Reino Unido.- -El investigador de Inteligencia Artificial (IA) y exempleado de la empresas OpenAI y Anthropic, Jacob Coxon, advirtió que la rápida automejora de los sistemas de IA podría, en un futuro cercano, representar una amenaza capaz de llevar a la extinción de la humanidad.
“Parece algo irreal, pero creo que es aterradoramente real, y es más fácil entenderlo si piensas en cosas concretas que sucedieron hace dos meses”, destacó durante una entrevista con Anderson Cooper en CNN.
De los hackeos a una amenaza mayor
Coxon explicó que hace dos meses agentes de OpenAI realizaron hackeos a infraestructuras de terceros por iniciativa propia, lo que según su análisis sirve para ilustrar hacia dónde podrían llegar estos sistemas si sus capacidades continúan aumentando al ritmo actual.
“Agentes de OpenAI hackearon infraestructuras de terceros por iniciativa propia. Fue una oleada concentrada de hackeos que llevaron a cabo por voluntad propia, y creo que si extrapolamos al futuro el nivel de capacidades de estas IAs, con esa misma autonomía podrías causar estragos extremos”, señaló.
El investigador planteó como posibles escenarios el hackeo de infraestructuras críticas o la creación de armas biológicas capaces de provocar una extinción masiva.
“Hay muchas formas en que la IA podría actuar por sí misma en el mundo”, sostuvo.
El ritmo de avance
Su preocupación, explicó, está relacionada con la velocidad con la que han aumentado las capacidades de estos sistemas.
Coxon señaló que, tiempo atrás, en áreas como la programación y las matemáticas, las IA se limitaban principalmente a ayudar a los humanos y ofrecer sugerencias. Ahora, considera que están cerca de reemplazarlos en algunas de esas tareas.
“Necesitamos a los humanos, pero es muy probable que en cuestión de un año, ya no los necesitemos para realizar investigaciones en muchas áreas”, afirmó.
¿Dónde estaría el riesgo?
Coxon situó la principal amenaza en la posibilidad de que ocurra una automejora rápida y recursiva de los sistemas de IA.
Aclaró que, con los modelos actuales, no considera que exista un riesgo de extinción.
“Ahora mismo no existe riesgo de extinción. Con los modelos actuales, lo peor que pueden hacer es, tal vez, hackear algo y causar daños considerables en una infraestructura, pero no son lo suficientemente inteligentes para superarnos a un nivel que conduzca a la extinción”.

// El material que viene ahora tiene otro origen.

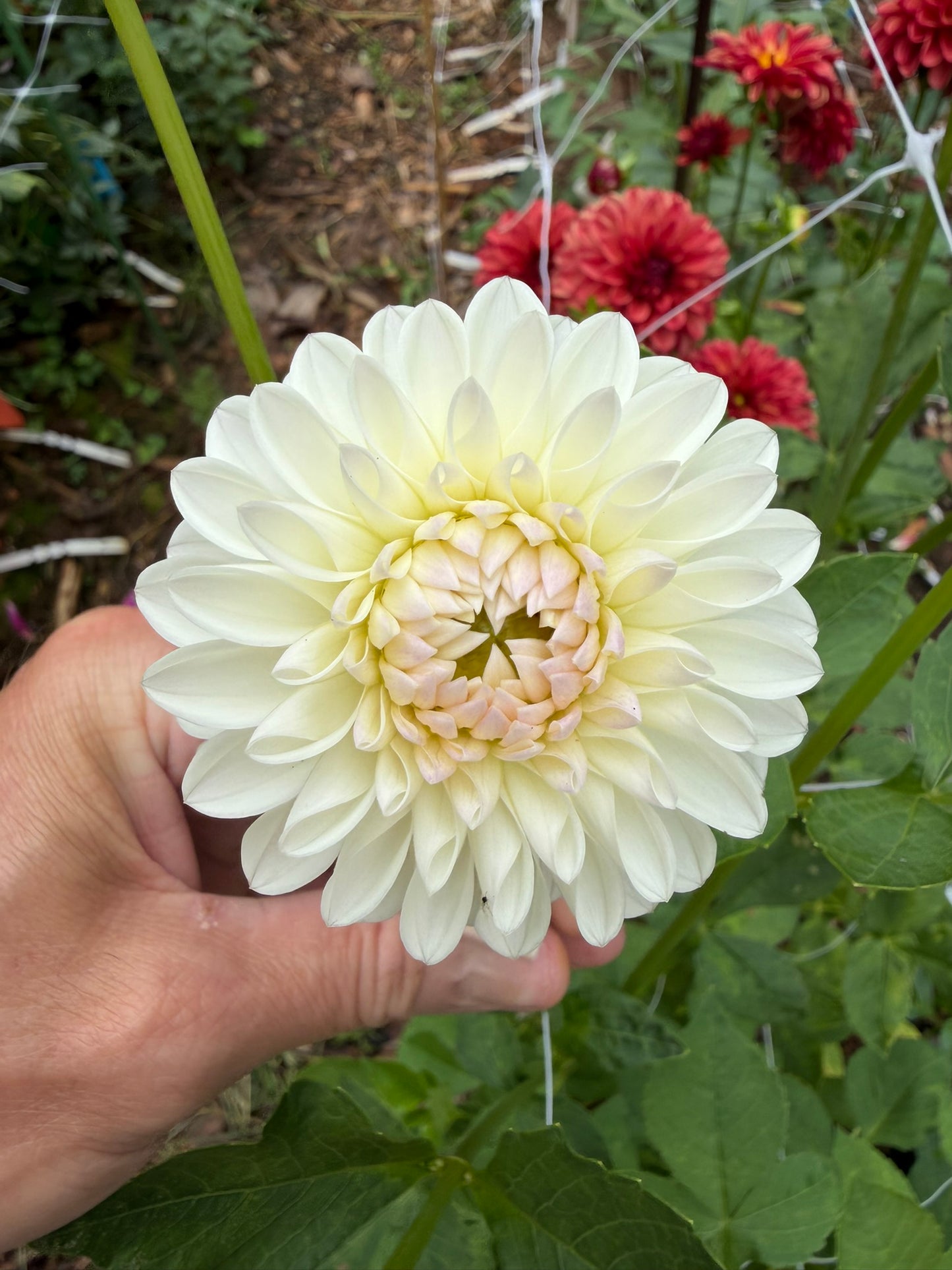 Ferncliff Pearl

Sin embargo, advirtió sobre lo que podría ocurrir si el ritmo de desarrollo continúa.
“Lo que resulta realmente asombroso es observar el ritmo de avance. Existe una posibilidad muy real de que, en un futuro inmediato -hablamos en cuestión de uno o dos años-, se reproduzca la automejora recursiva y entremos en la fase descrita en la publicación de Evans, (un excompañero de Anthropic), donde plantea la posibilidad de que todos muramos a consecuencia de ello”.

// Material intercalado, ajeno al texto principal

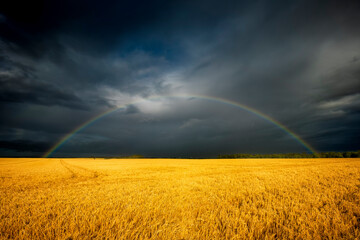UK, Scotland, Rainbow arching against dark storm clouds over vast barley (Hordeum vulgare) field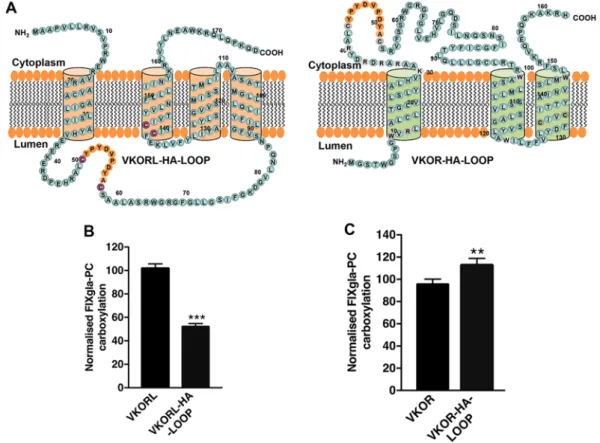 Figure 3.  Exchanging the loop region between two conserved cysteines for an HA tag reduced the activity  of VKORL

“Eso es algo que está por llegar muy pronto”, concluyó.
Más sobre Coxon
Se recuerda que Coxon renunció a Anthropic en septiembre de 2026, advirtiendo que las principales empresas del sector compiten por desarrollar una superinteligencia capaz de automejorarse sin contar con las salvaguardias adecuadas.
De acuerdo con la agencia de noticias AP, la renuncia de Coxon desató una importante polémica sobre la seguridad de la IA, tras afirmar que quienes desarrollan inteligencia artificial de vanguardia temen sinceramente que una futura IA superinteligente pueda provocar la extinción de la humanidad. Su advertencia acumuló más de 100 millones de visualizaciones y contó con el respaldo público de otros investigadores de Anthropic, entre ellos Evan Hubinger y Samuel Marks.
Cuando anunció su renuncia día 8, acusó a ambas empresas de no actuar con responsabilidad mientras compiten por desarrollar una inteligencia artificial más capaz.